Jumia Technologies reported less than impressive Q3 earnings — is this really a high-growth e-commerce play or will the hype fizzle out?
Nov. 18, 2021
The Amazon (NASDAQ: AMZN) of Africa. Sounds nice, doesn’t it? Unfortunately, Jumia Technologies (NASDAQ: JMIA) isn’t that. In fact, the Amazon of Africa, is, well, Amazon. Its regional headquarters are centered in Cape Town, South Africa, where Amazon has its fulfillment centers and offers its Amazon Web Services (AWS) cloud services and e-commerce offering.
But in spite of what Jumia is now, could it be an eventual winner in the African market?
Jumia’s Q3 Results
Orders increased 28% year-over-year (YoY) to 8.5 million, but annual active customers grew just 8% YoY to 7.3 million. Similarly, gross merchandise value (GDV) grew only 8% to $238 million, and with a strategic focus on marketing spending this quarter, the company’s net loss widened to $64 million from $33 million.
What does Jumia do?
Jumia Technologies is an e-commerce business with core operations based in Africa. But in addition to that, Jumia operates Jumia Pay (its payment system). This allows third-party selling on the platform alongside a distributed network of deliverers, logistics networks, and freelance services to help companies to scale their businesses. Its mission is to use technology to “transform everyday life in Africa”, and foster entrepreneurship by giving businesses the tools to succeed.
So it’s an African start-up? Well, actually no. Jumia was founded in Europe, more specifically, Germany, by co-CEOs Jeremy Hodara and Sacha Poignonnec in 2012. The target market has always been African Nations, however, despite major hubs dispersed in other regions including Dubai, Germany, and Portugal.
What should investors expect from Jumia now?
The Amazon of Africa gives the perception that this company is growing rapidly, and is up there with other e-commerce giants such as Alibaba, Sea Limited, MercadoLibre, and namely, Amazon, but that couldn’t be further from the truth.
I’d love to say this company poses a high risk/high reward opportunity, making it a good wildcard or multi-bagger pick, but the single-digit growth and quarterly results suggest otherwise.

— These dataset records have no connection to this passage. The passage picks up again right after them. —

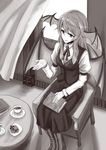  bad_id bad_pixiv_id book boots chair head_wings koakuma monochrome necktie nyakonro_(nekonro) skirt skirt_set solo tea touhou vest window wings 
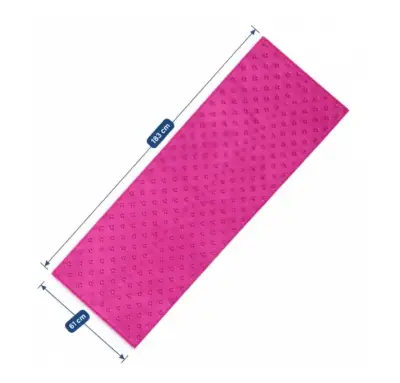 Toalla de yoga antideslizante rosa con bolsa - miniatura 2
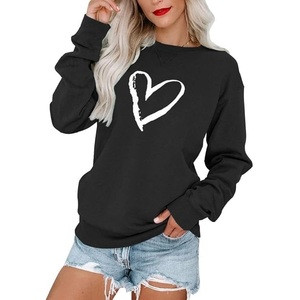 Best Selling Luxury Long Sleeve Neck Shoulder Slope Printed Comfortable Casual <b>Women's</b> Cotton Sweatshirt Winter Front Made - Product Image 5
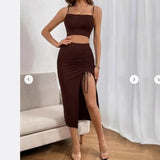 New Fashion Sexy Hottie Umbilly Corset Body Slings Open Skirt Dress Suit Woman HZ1208
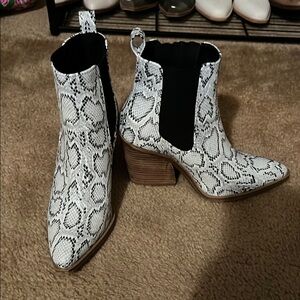 Snakeskin Ankle Boots with Block Heel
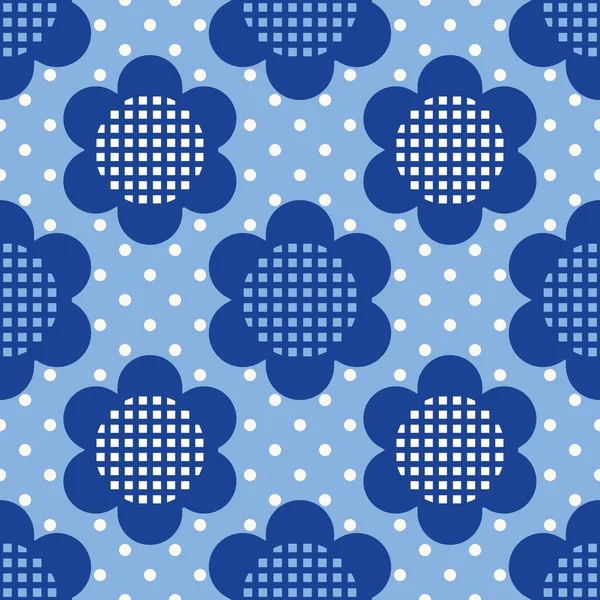 Fondo Azul Blanco Sin Costuras Con Flores — Foto de Stock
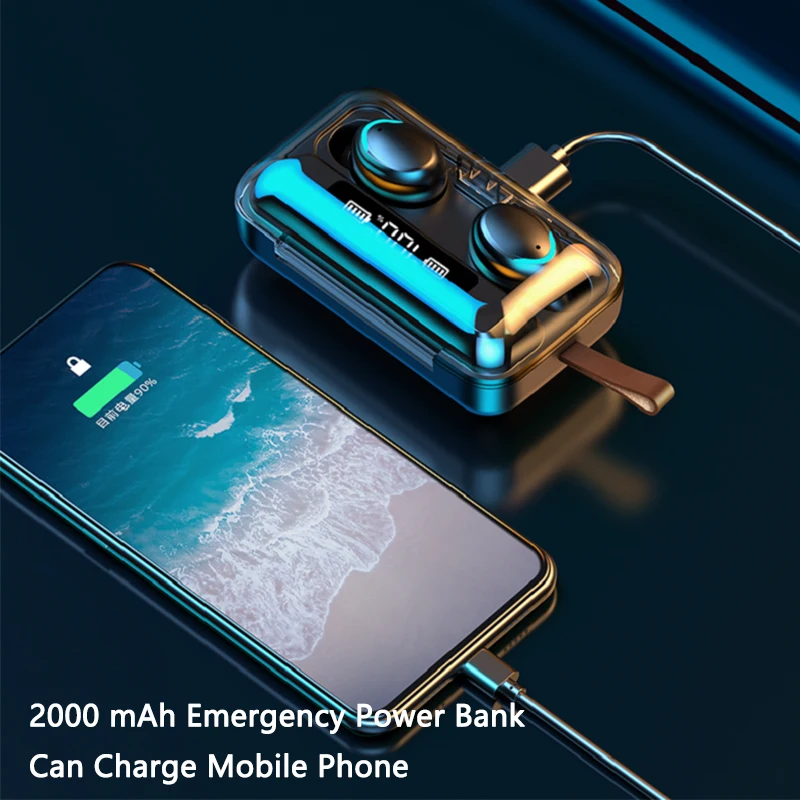 

Brightside TWS Bluetooth 5.0 Earphones Touch Wireless Headphone 9D Stereo Sports IPX7 Waterproof Earbuds Headsets w/ Microphone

The region itself poses risks in regard to infrastructure, logistics, and delivery costs — and even events out of Jumia’s control crime for example. Wealth disparity is rampant in some of these countries too, for example, the five richest men in Nigeria are worth a combined $29.9 billion, while 112 million people live in poverty. This is an awful statistic, but it highlights that a huge percentage of consumers simply can’t afford to buy from Jumia, which limits growth and sales.